Acceptance of his trials is evident in Job 13: 15-16 “Through he slay me, yet will I trust in him, He also will be my salvation. ” Job accepts that God is wise and puts his trust in him. This stage is about the acceptance of a new reality; people change, learn and develop empathy from their grief to move on. Acknowledging the pain and moving on doesn’t mean the past is forgotten, rather it enables the person to move forward with an open heart and a broader perspective.

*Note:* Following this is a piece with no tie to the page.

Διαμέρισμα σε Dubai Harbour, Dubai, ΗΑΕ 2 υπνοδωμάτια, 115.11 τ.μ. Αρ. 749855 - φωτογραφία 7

Job didn’t fully understand the purpose of his trials, but he accepted the omnipotence of his God. His faith sustained him just as faith sustains people today. Job’s faith is similar to that of the Baha’i faith. Those of the Baha’i faith believe that the body, mind, and spirit grow when they are tried by suffering. Trails or tests are viewed as a gift from God. Those who have these tests and persevere will have happiness while those who don’t are cowards. They are asked to turn to God and pray when enduring these tests and be thankful. Grief and sorrow do not come to us by chance, they are sent to us by the Divine Mercy for our own perfecting” (Baha’i International Community 2013).
Job persevered and believed there was a reason to why God was putting him through these trials. Studies have shown that those who attend church, pray, and actively practice their faith actually suffer less depression and resolve their grief sooner than those with little or no faith at all. (Quick, 2012) Clearly, there appears to be a correlation between spiritual beliefs or faith, and the ability to handle stress and accept tragedies in a more positive way.
Healthcare providers, counselors, and clergy have all recognized that having a faith to cling to or a greater belief in life after death can ease the grieving process. In conclusion, having a belief in a greater power and life after death can make dealing with loss much easier. When a person has something to cling to, it can make dealing with trauma or loss more manageable. If there was no belief in life after death or no belief in a greater power, life’s tragedies would be far more difficult to deal with. It’s actually healthy to cultivate a belief in something.
Like Job, we will all experience some type of loss in our lives. Grief is a common thread to each and every person on the planet. Identifying the stages of grief, and having the resources and skills to cope with grief is crucial for handling grief in a healthy way. Everyone experiences the stages of grief. The difference seems to be faith. People who have a deep sense of faith are better equipped and more quickly navigate the stages of grief. As with Job, their faith allows them to go forward and successfully help others through the grieving process.